In September I attended a debate on Law Firm Mergers at the Royal Faculty of Procurators in Glasgow. Was it “better to reign in Hell than serve in Heaven”? In 2013 we saw plenty of law firm partners in Scotland handing over the keys to law firms in England. We are likely to see more of that in 2014.
That brings me nicely onto the last post of 2013. A conference on Evolution or Extinction for law firms organised by the Law Society of Scotland. One thing that set this conference apart from some of the others I attended in 2013 was the high percentage of speakers who had been there (some were still there), done that and bought the T-Shirt. They brought actual experiences from the coal face of running and growing very successful law firms. A lot can be gleaned from such experiences. Conference organisers don’t always appreciate that. I finished my blog post with this paragraph:-
So will we lawyers evolve or face extinction? I have no doubt, as we heard at the conference, that there are many opportunities to evolve if you have the resolve to do so. But those not prepared to adapt may well face extinction. A look around the room or a read through the delegate list showed that the evolutionists were preaching to the converted. Those that are likely to face extinction don’t know it yet. They were not there to hear why.

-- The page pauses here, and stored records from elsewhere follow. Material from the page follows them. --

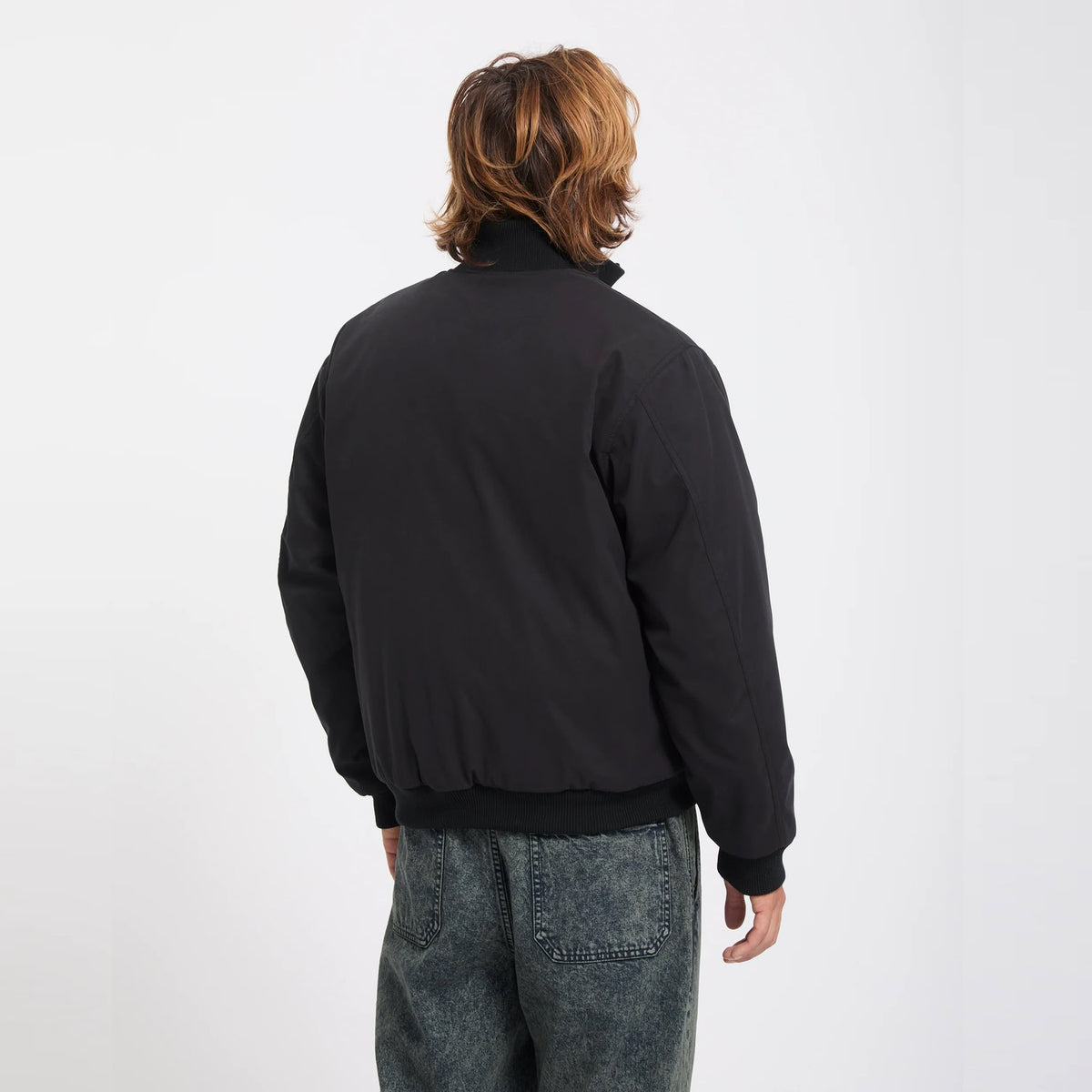 Volcom Damerman Bomber Jacket
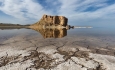 دولت محدودیتی برای تأمین اعتبار احیای دریاچه ارومیه  ندارد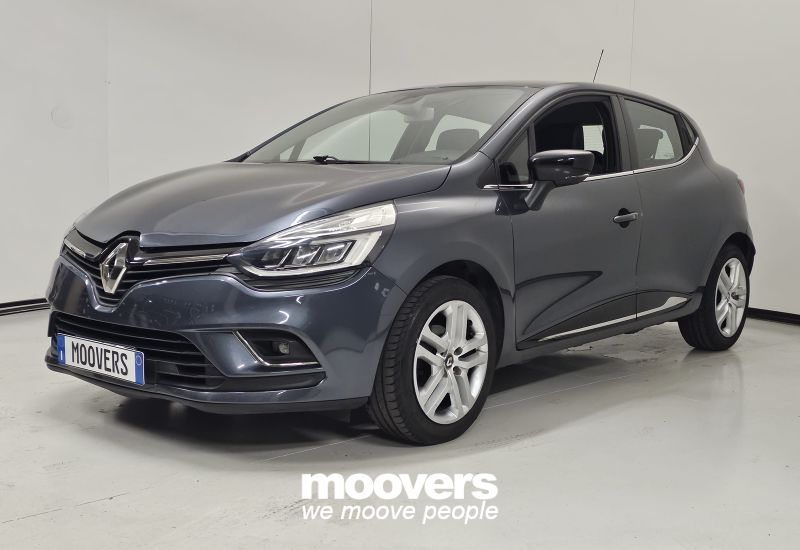 RENAULT Clio TCe 12V 90 CV 5 porte Life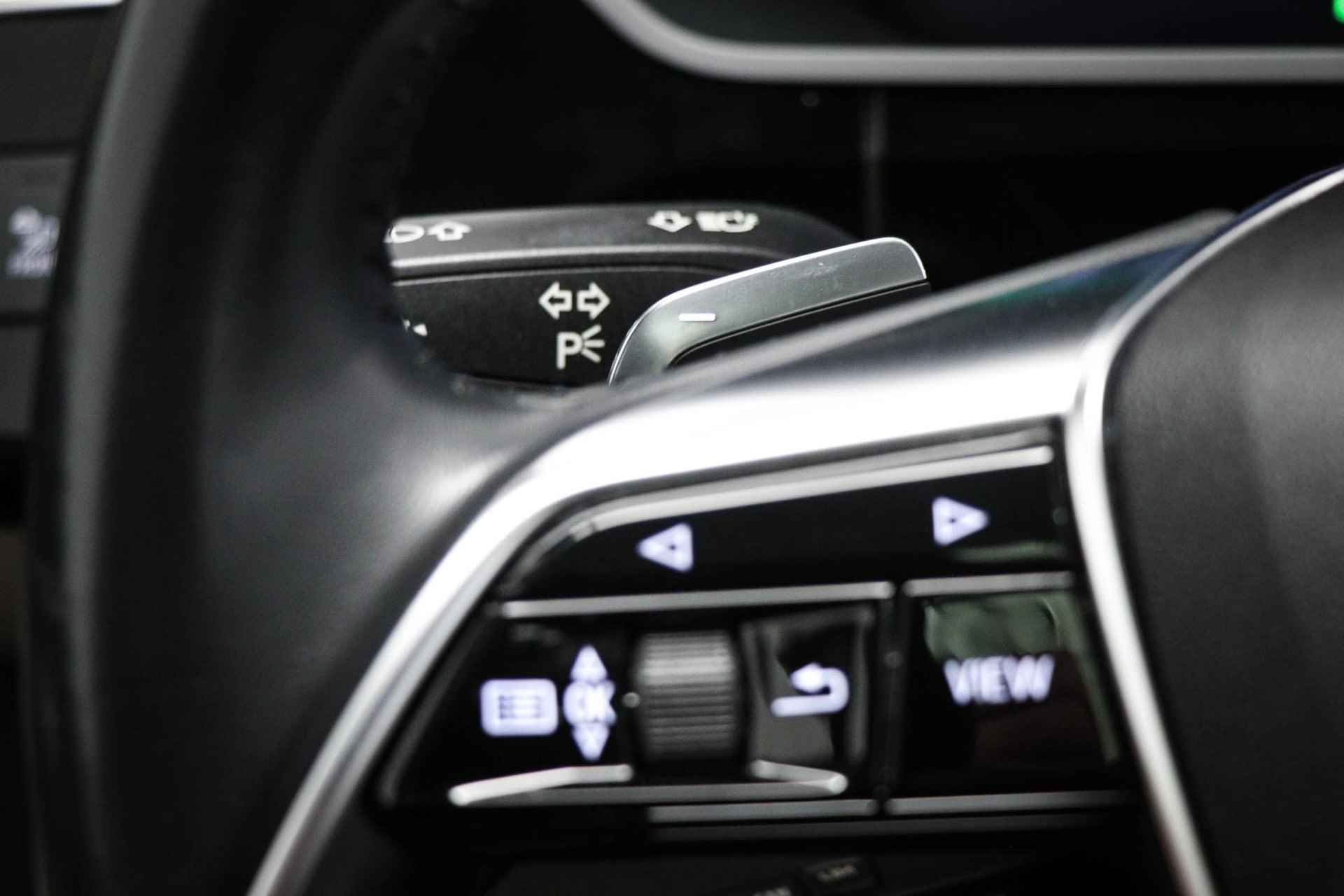 Audi e-tron e-tron 55 quattro advanced 95 kWh | CONNECTIVITY / TECHNOLOGIE / STOELEN- PACK | B&O DAB | 360 CAMERA | 21" - 36/64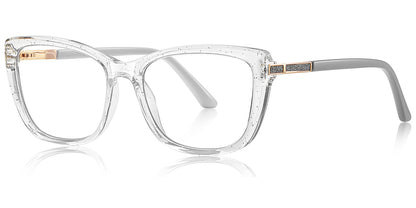 Luxurious Splendor Eyewear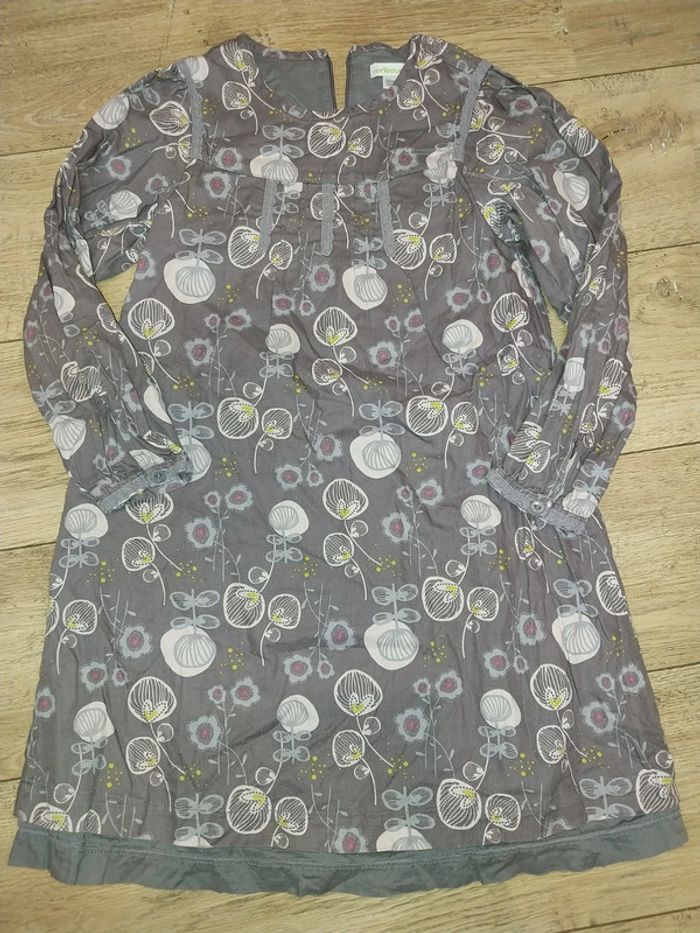 Robe fille 8 ans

I do believe that there are benefits to be had from such conferences even if it is just confirming that you are on the right track in what you are doing within your own law practice or in benefiting from those networking opportunities mentioned earlier. Occasionally you may even pick up an idea or two that you can adapt or apply for the benefit of your own law firm. This will be especially so if the speakers have real life experiences to impart. The important point is to act and do following the conference. I will no doubt report on more legal technology / futurist conferences in 2014 but that does not look like it will include Reinvent Law NYC. I’ll book my flight when they book Scott Greenfield.